Image via WikipediaMy eyes are tearing up and I’m getting ready to sneeze, a good sign that one of my sweet-smelling daughters has readministered body spray. Again.
“Readminister again” is not a redundant statement; they will later re-readminister. Possibly just as they get into the car or some other enclosed space in which I will be trapped with the vaporous goodness.
Japanese Cherry Blossom? Cherry Almond Vanilla? Something involving cherries, at any rate. Or flowers. It’s hard to tell what specific scent it is when it’s bombarding you at Force 10.
Don’t get me wrong—I love my daughters. Really. I’m pleased that they prefer to be clean and sweet-smelling. They generally leave the house groomed, although we differ on the critical question of whether slippers with semi-hard surfaces on the bottom count as footwear for the big wide world out there.
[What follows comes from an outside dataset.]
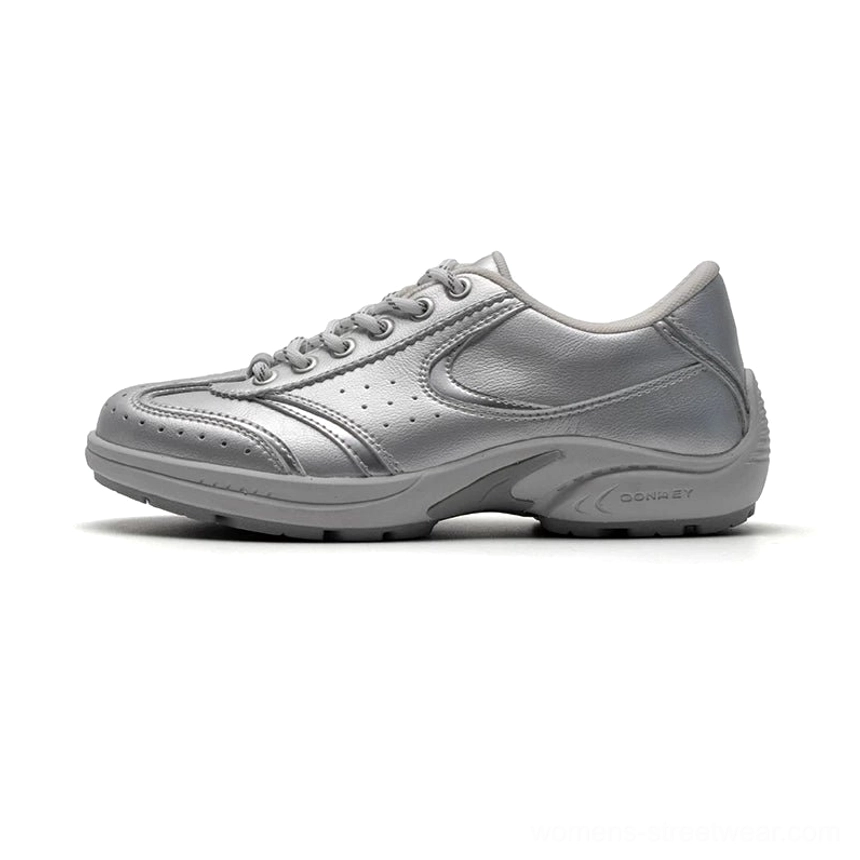 Metallic silver retro court sneakers with perforated leather panels breathable detailing and classic low top streetwear silhouette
On the slipper question they vote Yes, I vote No. My vote does not count. The only time they entertained the possibility of reconsidering this point, it was because four feet of snow fell on us in late December and early January and stayed for weeks. They didn’t wait for the spring thaws to go back to the slippers.
They’re not over the top on make-up, thank heavens. Admittedly Eldest Daughter went through a raccoon-eyes phase, applying black eyeliner and extra-black extra-clumping mascara with the enthusiasm of a small child newly introduced to scented markers.
She shared her hard-earned wisdom with Number Two Daughter, who uses a light hand. Both have beautiful eyes in any case.
And they do smell nice. But this comes at a price: the constant reapplication of body sprays purchased approximately every other week at Smelly Body Sprays R Us or some such chain.
When one of them gets ready for school in the main bathroom, we brace ourselves for the moment when the door swings open and the cloud wafts out well in advance of the girl ostensibly wearing the perfume—or being worn by it.
I’m sure I did this at their age. I remember a certain fondness for Love’s Baby Soft that probably announced itself around corners. Today my tastes are a trifle more sophisticated (Coco Mademoiselle by Chanel, which they had better not stop making), and expressed in moderation.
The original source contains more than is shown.